From CBS News' Scott Conroy:

(CARSON, Calif.) At a rare October rally in this solidly blue state, Sarah Palin alluded to her recent interview with CBS News' Katie Couric, calling it "not too successful" and adding that Couric asked her questions that made her think, 'C'mon, let's start talking to the American people about the issues you guys want to know about.'"

Palin said that if she had her druthers, she would have rather told Couric about her plans for reform, putting government on the side of the people, and winning the wars. Then she promptly transitioned into attacking Barack Obama for his relationship with William Ayers, a founder of the Weather Underground movement in the 1960s. Palin mentioned a story about the relationship that appeared in Saturday's New York Times, which the Obama campaign says actually showed the relationship between Obama and Ayers added up to far less than a friendship.

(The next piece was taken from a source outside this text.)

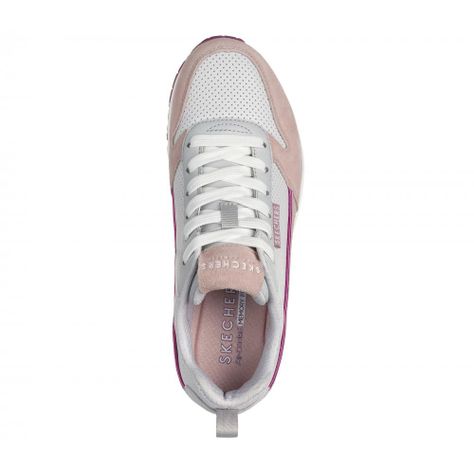 Zapatilla Mujer Uno Two Much Fun Rosado Skechers-1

"Our opponent is someone who sees America as imperfect enough to pal around with terrorists who target their own country," Palin said.

The Republican VP nominee also hit Obama for saying he'd cut taxes for 95 percent of Americans, calling the Democrat's vow "the phoniest claim in a campaign that has been full of them."

Palin regaled the cheering crowd with a story about how she was reading her Starbucks mocha cup yesterday, which featured a quotation from former Secretary of State Madeleine Albright.

"Now she said it, I didn't," Palin said of Albright. "She said, 'There's a place in Hell reserved for women who don't support other women.'"

The crowd roared its approval, but according to several sources, Albright actually said, "there's a place in Hell reserved for women who don't help other women."

"OK, now thank you so much for receiving that well—I didn't know how that was going to go over," Palin told the southern California crowd. "And now California, let's see what a comment that I just made how that is turned into whatever it'll be turned into tomorrow in the newspaper."